**Study material**
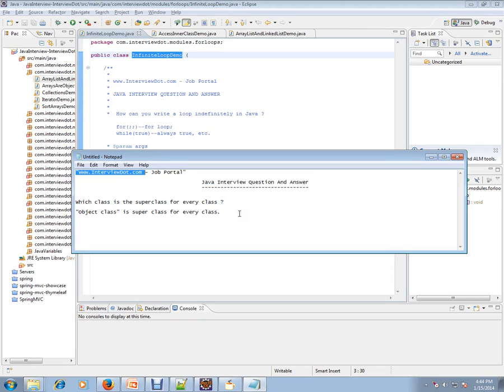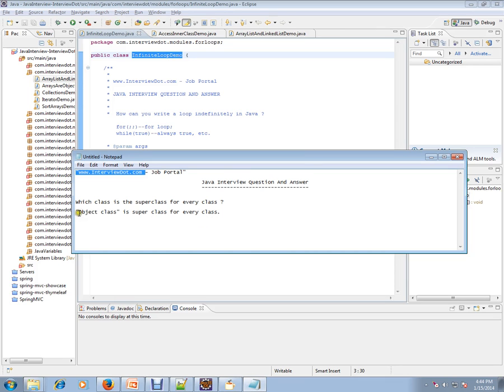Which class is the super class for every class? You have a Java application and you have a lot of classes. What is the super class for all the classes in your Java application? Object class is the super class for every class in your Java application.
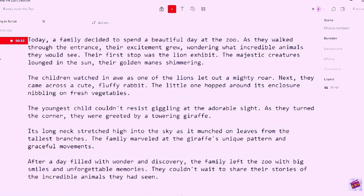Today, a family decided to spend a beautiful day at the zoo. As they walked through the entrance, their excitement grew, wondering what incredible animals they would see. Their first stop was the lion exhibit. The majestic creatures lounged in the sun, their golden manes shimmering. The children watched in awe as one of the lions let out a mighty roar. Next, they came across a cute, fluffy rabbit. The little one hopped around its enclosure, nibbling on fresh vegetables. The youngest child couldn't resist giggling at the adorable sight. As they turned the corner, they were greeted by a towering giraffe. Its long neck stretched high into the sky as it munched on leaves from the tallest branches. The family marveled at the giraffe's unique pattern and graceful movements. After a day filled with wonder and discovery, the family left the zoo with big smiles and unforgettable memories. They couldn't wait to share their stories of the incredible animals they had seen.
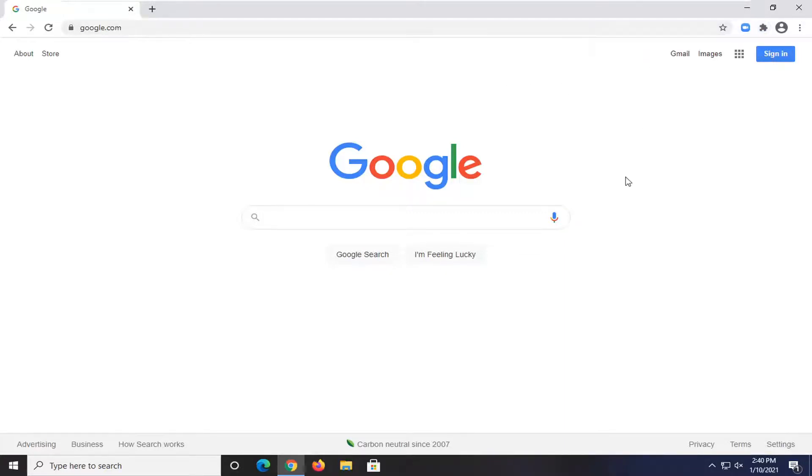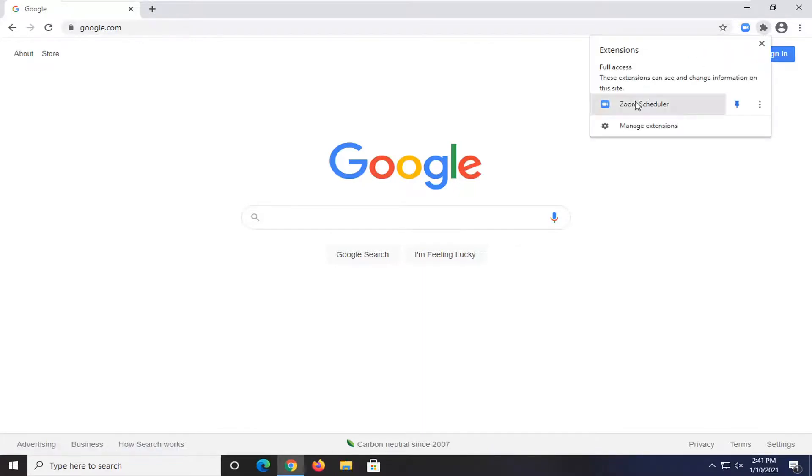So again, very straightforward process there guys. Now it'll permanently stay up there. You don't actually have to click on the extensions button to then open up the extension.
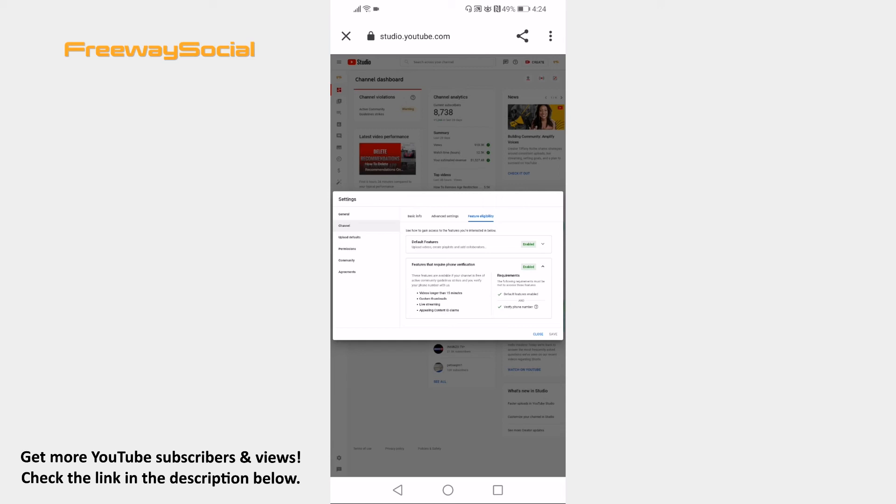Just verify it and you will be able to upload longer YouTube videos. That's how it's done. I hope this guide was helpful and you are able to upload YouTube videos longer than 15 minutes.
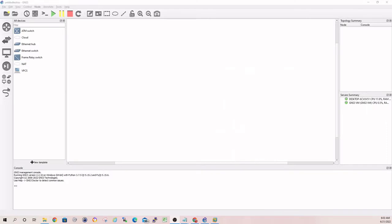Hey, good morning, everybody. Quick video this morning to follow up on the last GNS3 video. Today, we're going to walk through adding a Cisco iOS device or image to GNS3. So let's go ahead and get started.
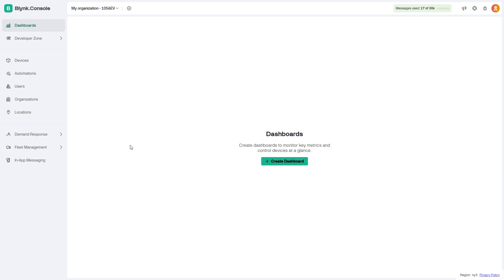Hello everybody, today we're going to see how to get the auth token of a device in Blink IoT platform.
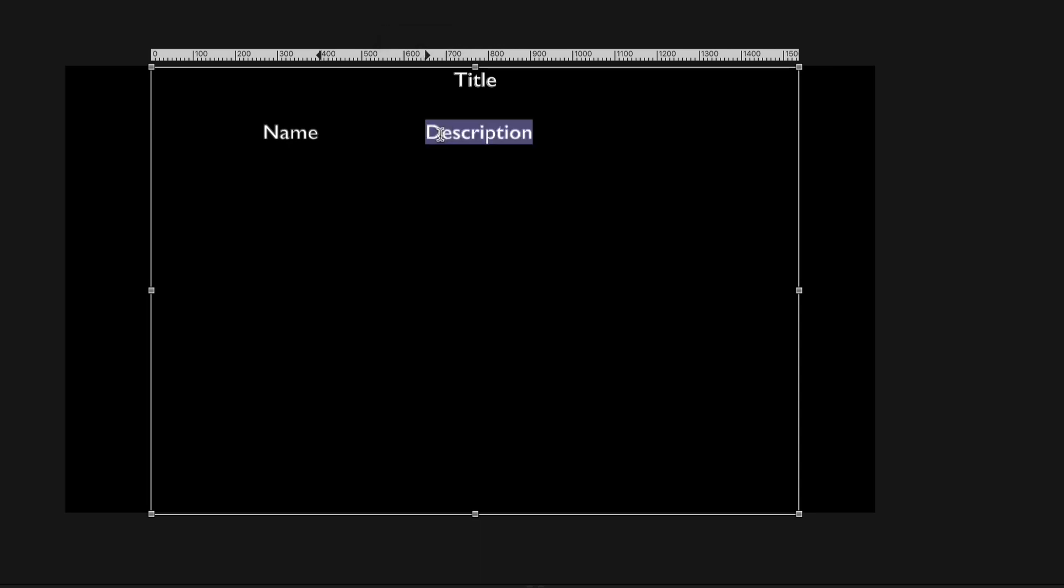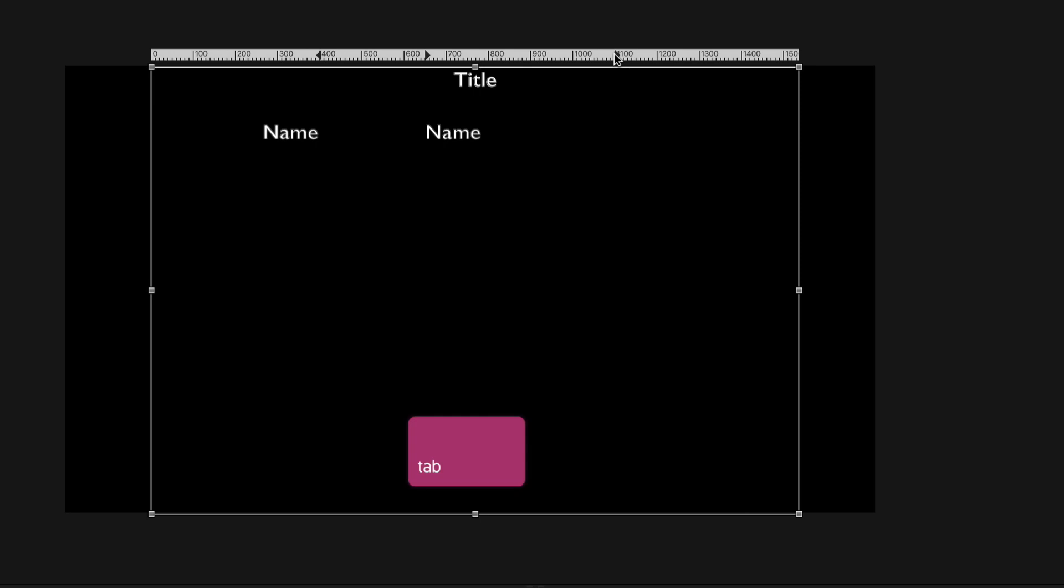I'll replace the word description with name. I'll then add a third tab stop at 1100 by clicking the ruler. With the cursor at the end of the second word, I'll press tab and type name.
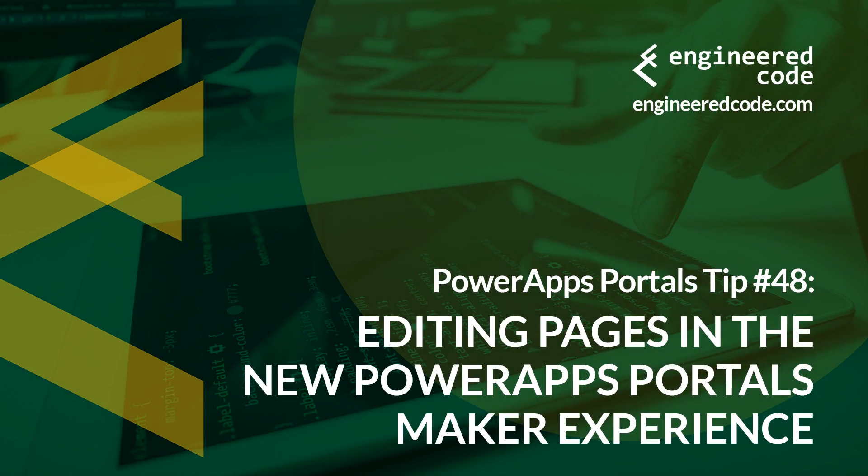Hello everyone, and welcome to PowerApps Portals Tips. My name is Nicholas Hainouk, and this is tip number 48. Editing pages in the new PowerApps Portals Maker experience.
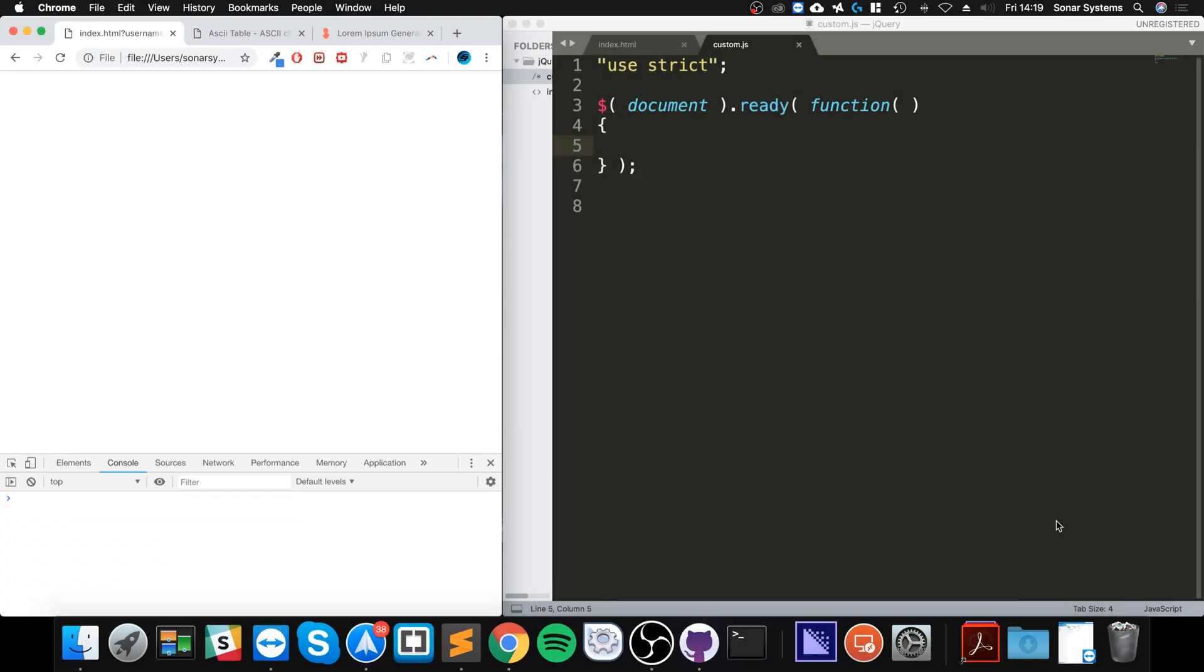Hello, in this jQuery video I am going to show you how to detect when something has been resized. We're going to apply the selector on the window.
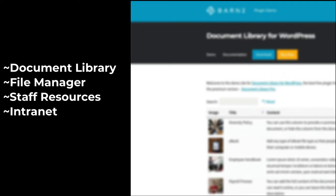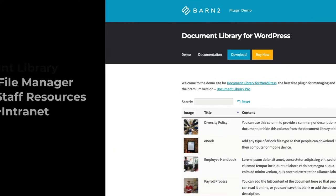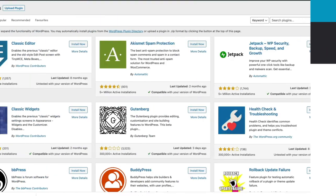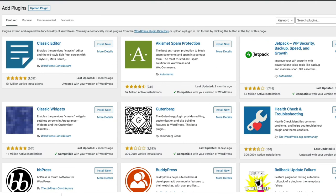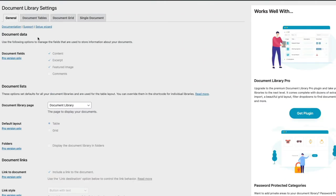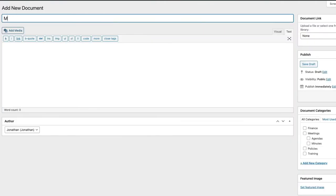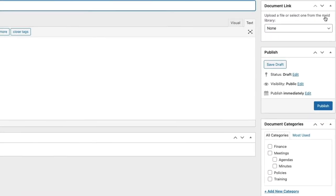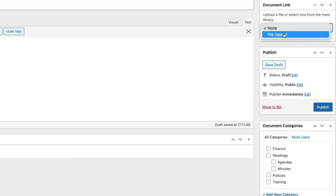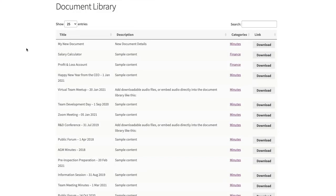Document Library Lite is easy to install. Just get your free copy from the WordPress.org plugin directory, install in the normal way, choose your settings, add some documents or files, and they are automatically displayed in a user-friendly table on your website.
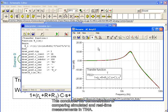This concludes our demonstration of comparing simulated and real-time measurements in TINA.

**Assignment**
The lines from the one containing "Just verify it" through the last line of the entries are to be copied exactly, both ends included, and the pictures are to be omitted.

**Your solution**
Just verify it and you will be able to upload longer YouTube videos. That's how it's done. I hope this guide was helpful and you are able to upload YouTube videos longer than 15 minutes.
Hey, good morning, everybody. Quick video this morning to follow up on the last GNS3 video. Today, we're going to walk through adding a Cisco iOS device or image to GNS3. So let's go ahead and get started.
Hello everybody, today we're going to see how to get the auth token of a device in Blink IoT platform.
I'll replace the word description with name. I'll then add a third tab stop at 1100 by clicking the ruler. With the cursor at the end of the second word, I'll press tab and type name.
Hello everyone, and welcome to PowerApps Portals Tips. My name is Nicholas Hainouk, and this is tip number 48. Editing pages in the new PowerApps Portals Maker experience.
Hello, in this jQuery video I am going to show you how to detect when something has been resized. We're going to apply the selector on the window.
Document Library Lite is easy to install. Just get your free copy from the WordPress.org plugin directory, install in the normal way, choose your settings, add some documents or files, and they are automatically displayed in a user-friendly table on your website.
This concludes our demonstration of comparing simulated and real-time measurements in TINA.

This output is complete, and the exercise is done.